Most states require that adult patients' records be retained for five to 10 years. A common misconception is that Medicare requires seven years.
"Medicare's seven years guideline has nothing to do with medical-legal aspects of the record," he says. "They say only that Medicare won't come back at you after seven years to collect money on a wrong coding or billing issue. However, the time limit does not apply if Medicare suspects fraud.
"The only reason Medicare would come back to you at all would be that they think you have been systematically upcoding. Once they say 'fraud,' there is no time limit.
"According to the GE Medical Protective, the largest U.S. medical malpractice carrier, 10 percent of lawsuits filed against physicians in all medical specialties are not brought until five years or more after the incident. This liability exposure leads malpractice insurance carriers to advise physicians to keep records as long as possible, even indefinitely, as insurers find it easier to defend the physician if a record is available than to contend with the physician's and patient's memories," Dr. Lamberg explains.
Additionally, there is no statute of limitations regarding administrative actions by state licensing boards, which may require a physician to respond to a complaint many years after an incident.
Paper charts "Many physicians give expensive office floor space to storing thousands of charts that haven't been pulled for years," Dr. Lambert says.
When inactive charts are needed, office staff must leave the front desk to search the back office. Often, they realize only after a time-consuming office search that the record is stored offsite.
Scanning records Dr. Lamberg points out that paper storage problems, such as demands on space and time, can be eliminated if the charts are transferred to digital media by scanning them into a computer.
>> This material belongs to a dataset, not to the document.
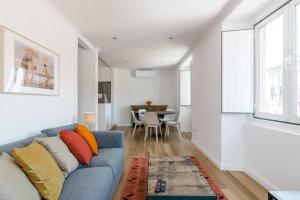 a living room with a blue couch and a table at Beautiful Apartment with View of the Tagus River in Lisbon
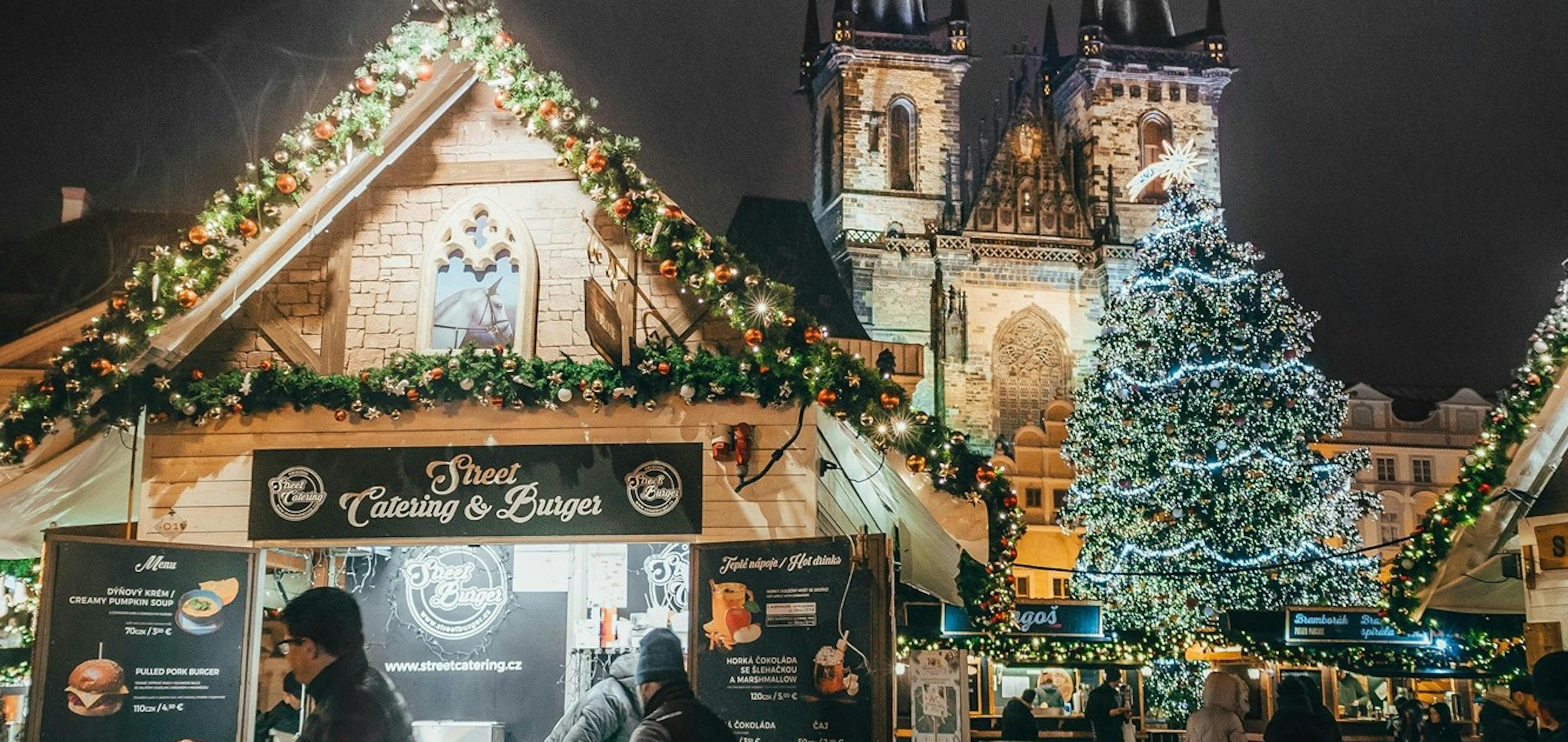 Vánoce, Staroměstské náměstí, ozdobený vánoční strom, stánky s občerstvením a lidé, večerní vánoční atmosféra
"Scanning and saving to the computer is particularly valid if your state allows the paper copies to be destroyed. Most states now allow the medical record to be stored on any media, including computer images. Check with your state medical society and malpractice carrier to see if such laws apply to your paper records," he says. "Scanning has become practical in the last several years, thanks to inexpensive, high-capacity hard drives and inexpensive, fast scanners equipped with automatic document feeders."
The initial scanning of records may seem daunting. However, available hardware and software make the process so easy, a high school student can scan thousands of records in a few weeks during the summer, Dr. Lamberg asserts. Scanning inactive records does add to the cost of the scanner and software.
"It takes only three months to recover the costs of scanning compared to paper storage," he says.
Adequate hardware, including computers, scanners and backup devices, is relatively inexpensive. Hard drive space today is not a limiting factor, as it was a few years ago.